Israeli security forces disconnected the power supply to the Islamic call to prayer on the Temple Mount as an official Memorial Day service was held in the adjacent Western Wall square on Tuesday evening, the site’s Muslim administrators said.
“[Israeli forces] forcibly stormed the minarets of Al-Aqsa Mosque after cutting the door locks with special equipment, then they cut the wires of the main minarets in the mosque,” Sheikh Omar al-Kiswani, who manages the Temple Mount for the Jordanian-backed Islamic Waqf, said on Wednesday.
The Israel Police declined to comment on the alleged operation, refusing to answer over the phone or to a written email query.
Palestinian Authority President Mahmoud Abbas weighed in on the incident through a spokesperson, calling it “a racist hate crime.”

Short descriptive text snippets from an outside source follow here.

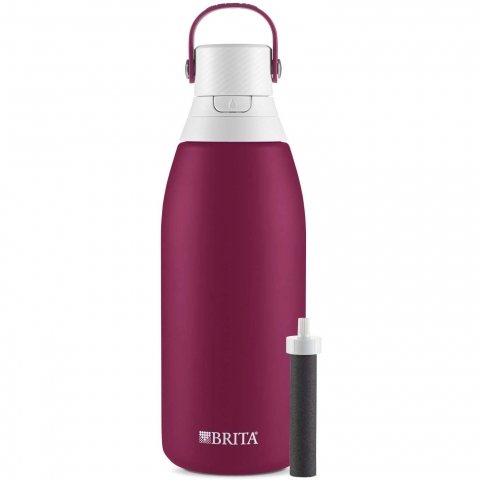 Brita Paslanmaz elik Su Artmal Su iesi (950ml)(Ruby)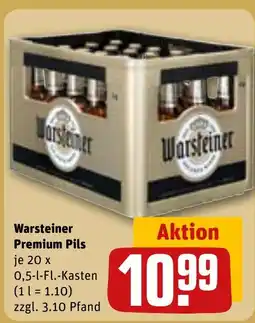 REWE DE Warsteiner Premium Pils tilbud
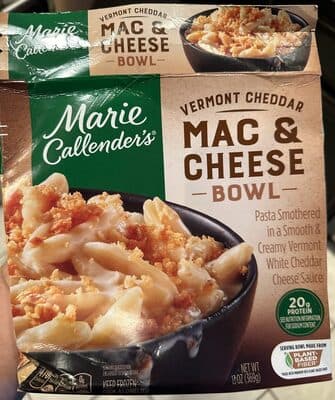 Creamy Vermont Mac & Cheese Pasta Smothered in a Smooth & Creamy Vermont White Cheddar Cheese Sauce Bowl
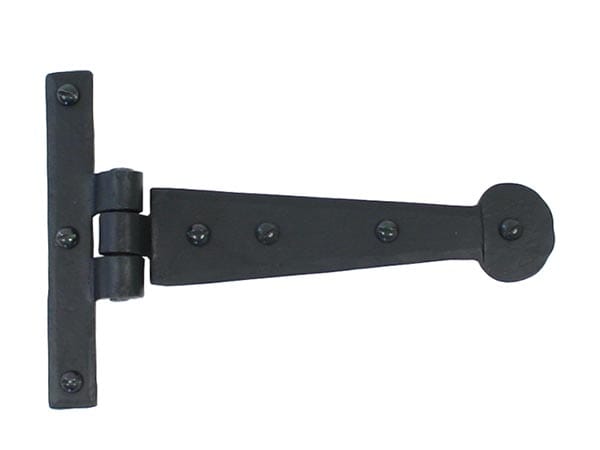 Black 6" Penny End T Hinge (pair) | 33987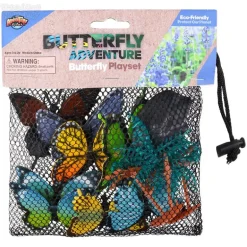 12 Piece Butterfly Mesh Bag Play Set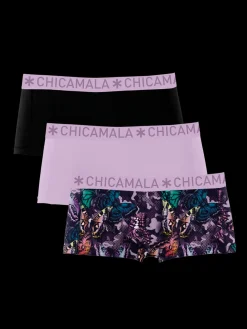 Meisjes 3-pack Boxershorts Print/Effen-Muchachomalo Discount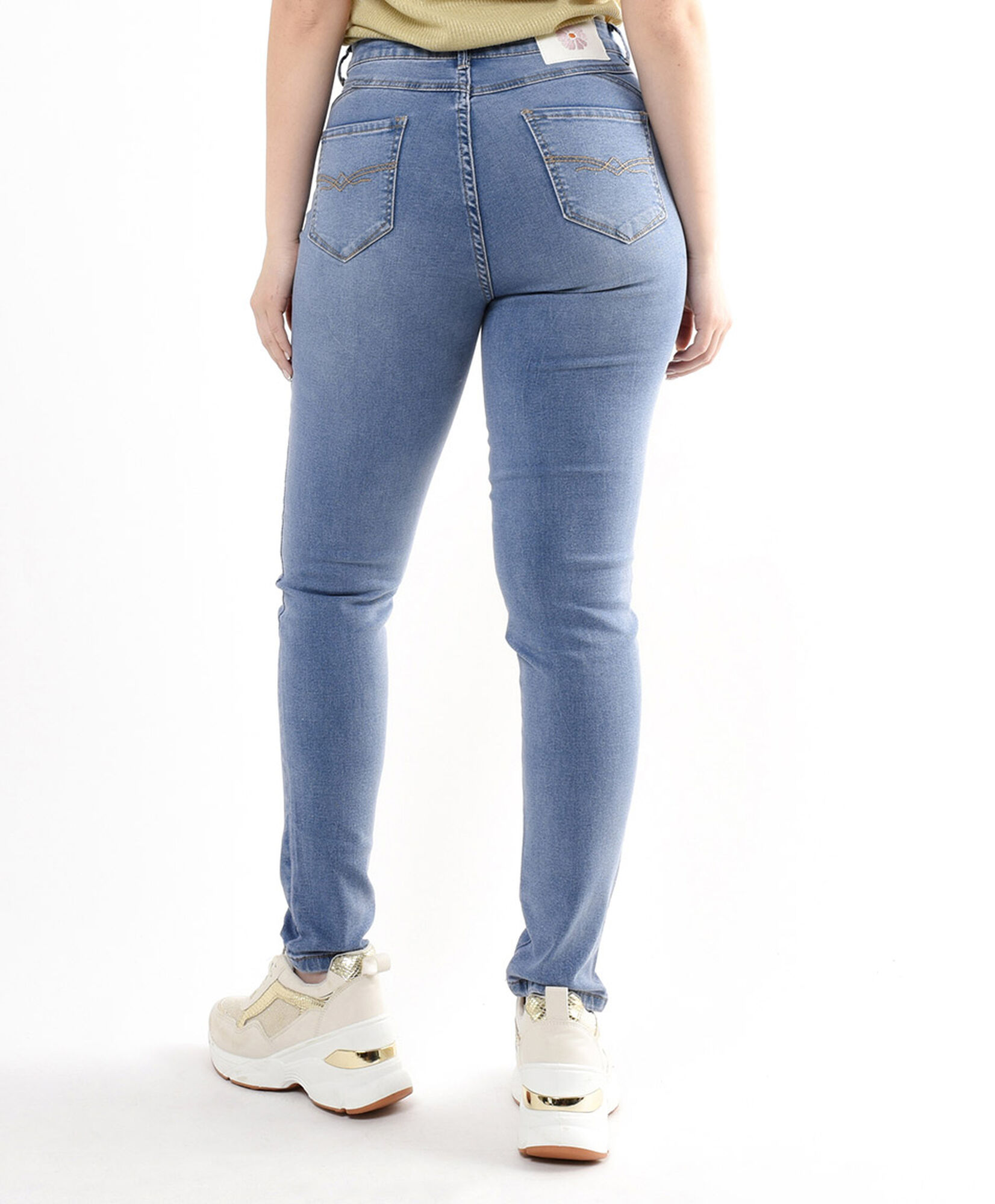 Jeans mujer flores crochet skinny fit Jeans mujer flores crochet skinny fit
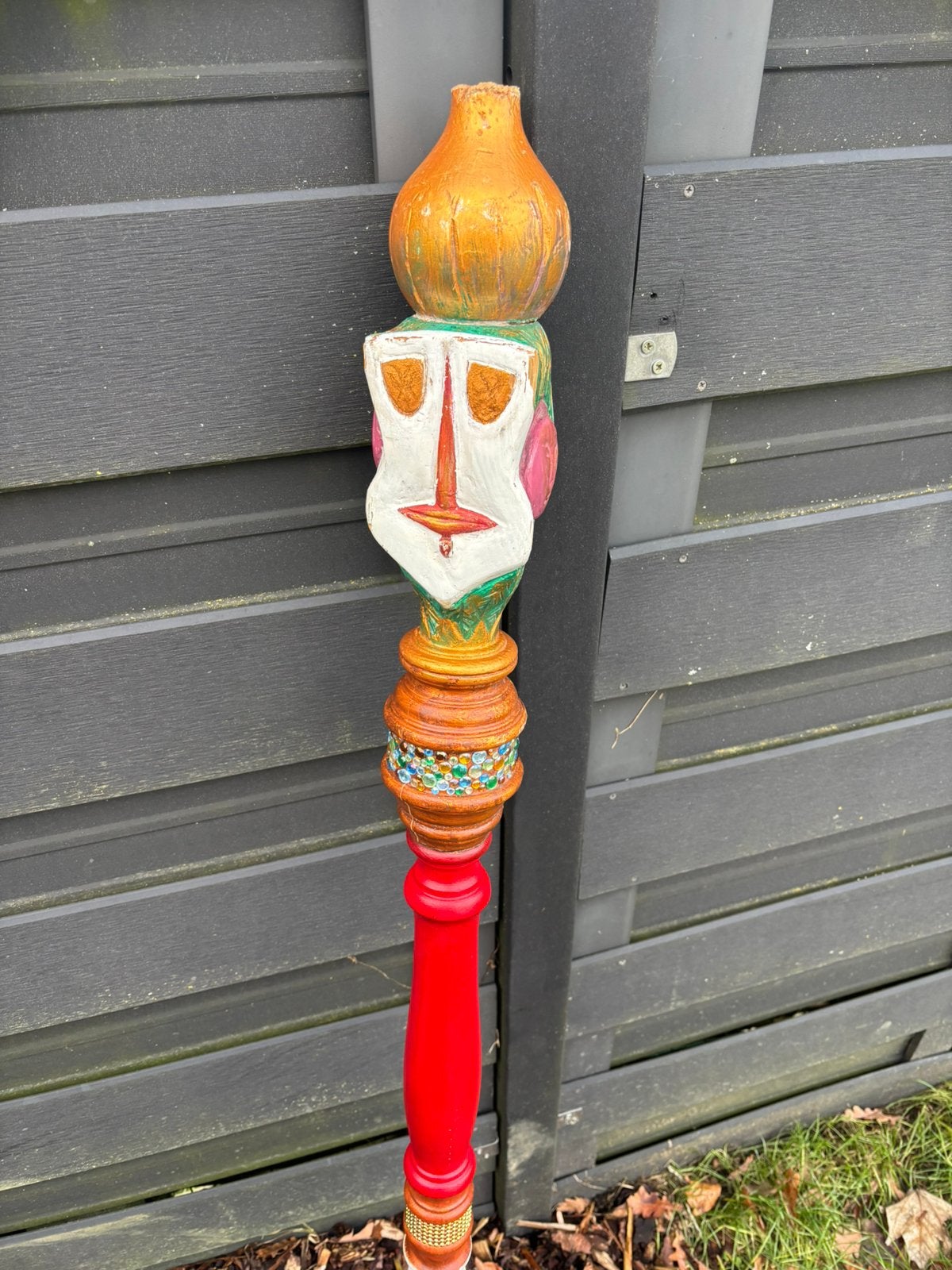 Houten carnavals scepter, Enlèvement, Utilisé, Accessoires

“This is a racist attack on the sanctity of the holy places and the freedom of worship,” added Abbas spokesperson Nabil Abu Rudeineh.
The hilltop is revered by both Muslims and Jews and is a site where large numbers of Palestinians often gather, especially for Friday prayers. It has long been a flashpoint, and confrontations there between Palestinians and Israeli security forces have occasionally turned deadly.
After capturing the area and the rest of the Old City from Jordan in the 1967 Six Day War, Israel continued to grant the Waqf, which is funded and controlled by the Jordanian government, near-complete control of the area. Israeli security forces are present on the mount and work in coordination with the Waqf. Jews are allowed to visit, but unlike Muslims, are strictly prohibited from praying on Temple Mount grounds.
The Palestinian leadership has a long history of attempting to rally its public in response to alleged Israeli infringements on Muslim sovereignty in the Al-Aqsa compound. Official Palestinian Authority media often shows visits by religious Jews to the site, which it deems “settler invasions.”
“Such a policy can turn the conflict into an open religious war that will harm international peace and security — something for which Israel will bear full responsibility,” Abu Rudeineh said on Tuesday night, in response to the alleged police action.
Numerous other Palestinian officials stepped in to comment on the affair. Palestinian Authority Foreign Minister Riyad al-Maliki called the incident just one in a string of “repeated [acts of] aggression” by Israel at the holy site.
According to the Israel Police, some Muslim worshipers returning from prayer threw stones and firecrackers at passing buses and police officers close to Damascus Gate. Some six passersby were injured and five people were arrested, police reported.
Sheikh Safwat Freij, the deputy chief of Israel’s Islamic Movement, lamented in a phone call with The Times of Israel the friction the alleged Israeli action caused between Muslim worshipers and Jews.
“There ought to have been dialogue, so that thousands of Muslim worshipers would not need to have their rights violated, especially on the first night of Ramadan. They could have begun their [Memorial Day ceremony] earlier or later, allowing prayer to go unhindered,” said Freij, who directs the Al-Aqsa Charitable Association.
Asked whether the Waqf could have compromised on some of its demands — including, for example, delaying or lowering the volume of the call to prayer to respect the solemn ceremony taking place next door — Freij said only: “Wherever there are good intentions, there are solutions to be found through dialogue and respect. When there is an intention to find a solution, there are ways to find one.”